[LLVMbugs] [Bug 1373] NEW: Some method to represent alias information in LLVM would be useful

bugzilla-daemon at cs.uiuc.edu bugzilla-daemon at cs.uiuc.edu
Mon Apr 30 17:05:30 PDT 2007


http://llvm.org/bugs/show_bug.cgi?id=1373

           Summary: Some method to represent alias information in LLVM would
                    be useful
           Product: new-bugs
           Version: unspecified
          Platform: All
        OS/Version: All
            Status: NEW
          Severity: enhancement
          Priority: P2
         Component: new bugs
        AssignedTo: unassignedbugs at nondot.org
        ReportedBy: christopher.lamb at gmail.com


>From this llvm-dev thread (http://lists.cs.uiuc.edu/pipermail/llvmdev/2007-March/008323.html), 
Chris Lattner writes:

I think the goal should be to capture the most important information.  The
c99 definition of restrict has some nasty and complex implementation 
issues.  It may not be reasonable or interesting to capture every corner 
case.

A more interesting question is how to represent TBAA information in LLVM 
:).

Here is a sketch of a concrete proposal to get us started:

1. Add a new argument attribute "noalias", which can be applied to pointer
    formals and pointer function results.
2. Add a new intrinsic "i8* @llvm.noalias(i8*)

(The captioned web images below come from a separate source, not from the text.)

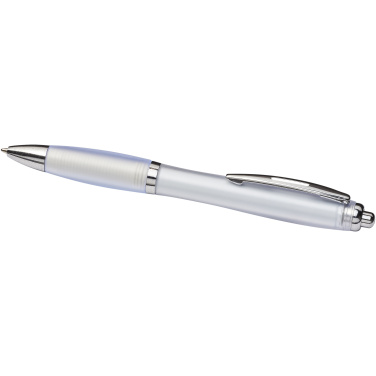 Logotrade profilprodukter bild: Curvy ballpoint pen with frosted barrel and grip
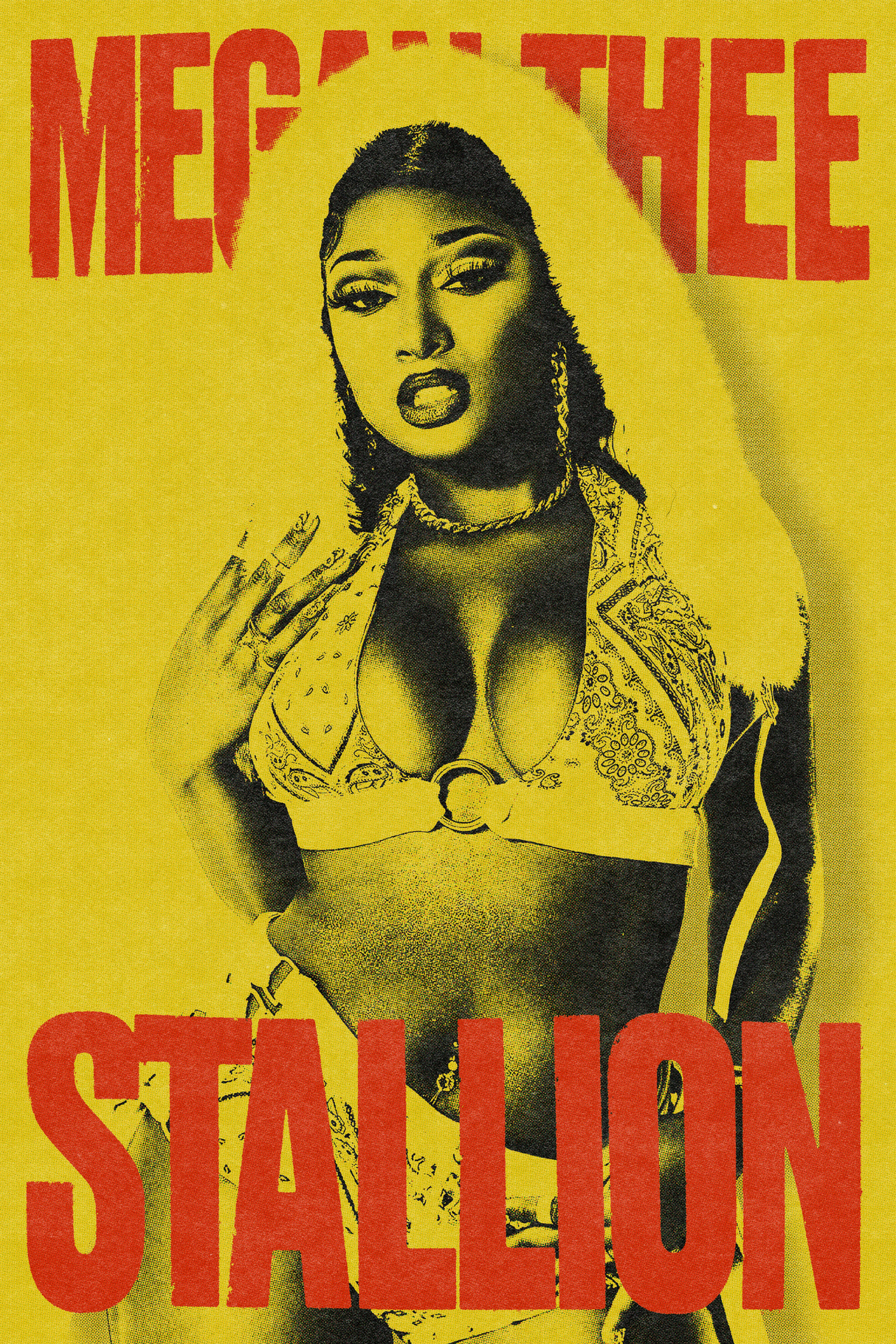 Megan Thee Stallion 'Yellow' Poster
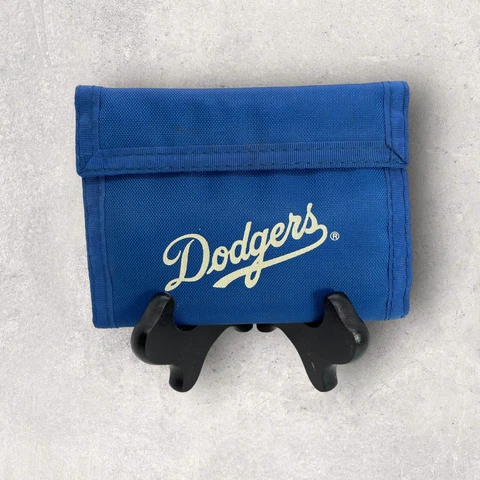 LA Dodgers Trifold Wallet Blue Crew Card Holder Baseball Nylon Vintage Cover
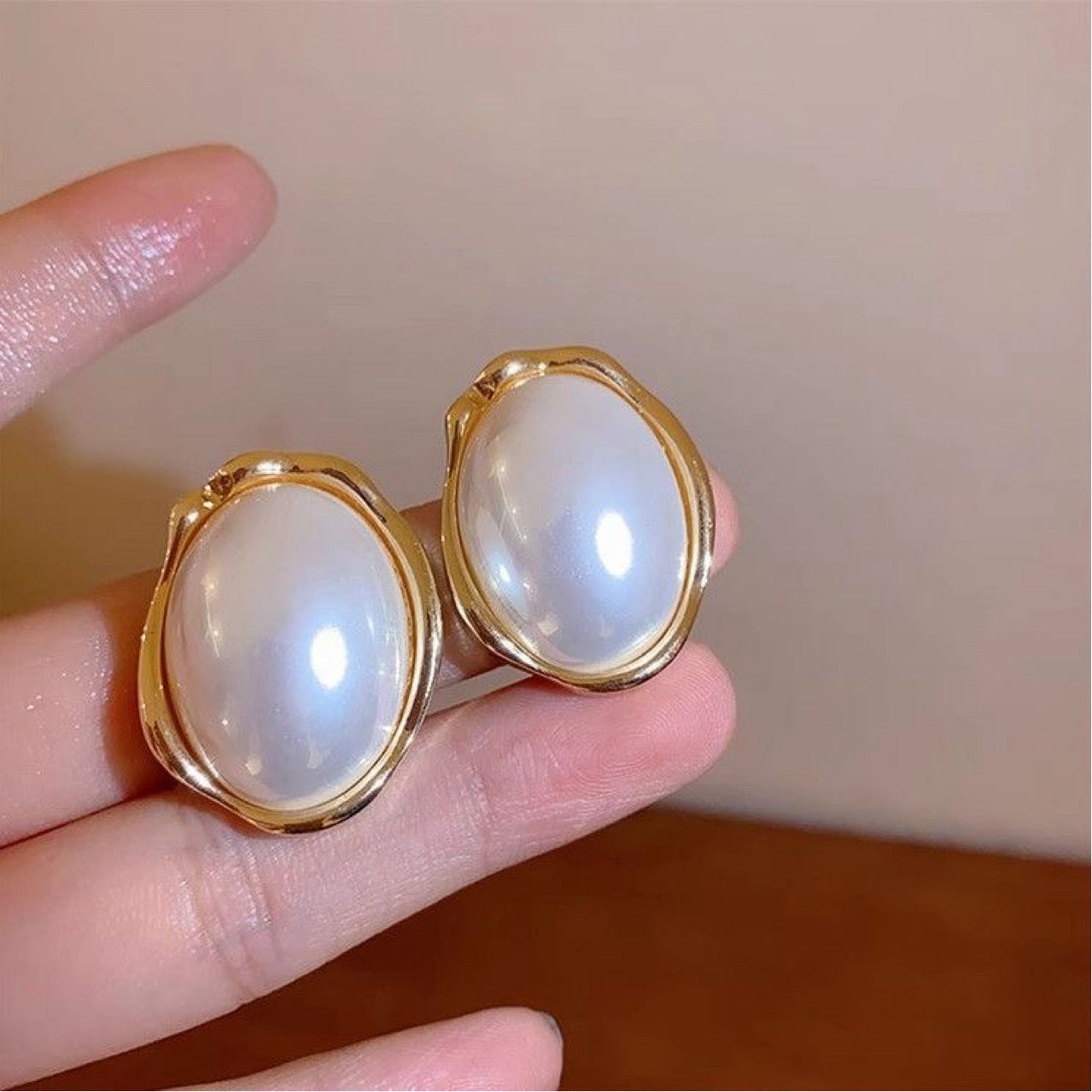 Bold Pearl Earrings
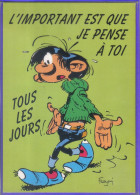 Carte Postale Bande Dessinée   Franquin Gaston Lagaffe    N° 124  Très Beau Plan - Comicfiguren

The semantics of 'noalias' are that they "define a new object".  Any 
pointer derived from it ("it" being the result of a no-alias call result, 
a formal parameter, or the result of llvm.noalias) is considered to not 
alias:

A. any other objects (e.g. global vars, allocas, functions, etc)
B. any other "noalias" objects
C. any other formal argument parameters or call results.

For these purposes, "pointers derived" means getelementptr and bitcast.

Can C99 restrict be mapped onto these semantics?  Is "C" really safe?

With these semantics, it is clear that 'calloc' could be declared to have 
a result pointer that is noalias for example, but I'm not sure if it would 
be safe to map restrict onto it.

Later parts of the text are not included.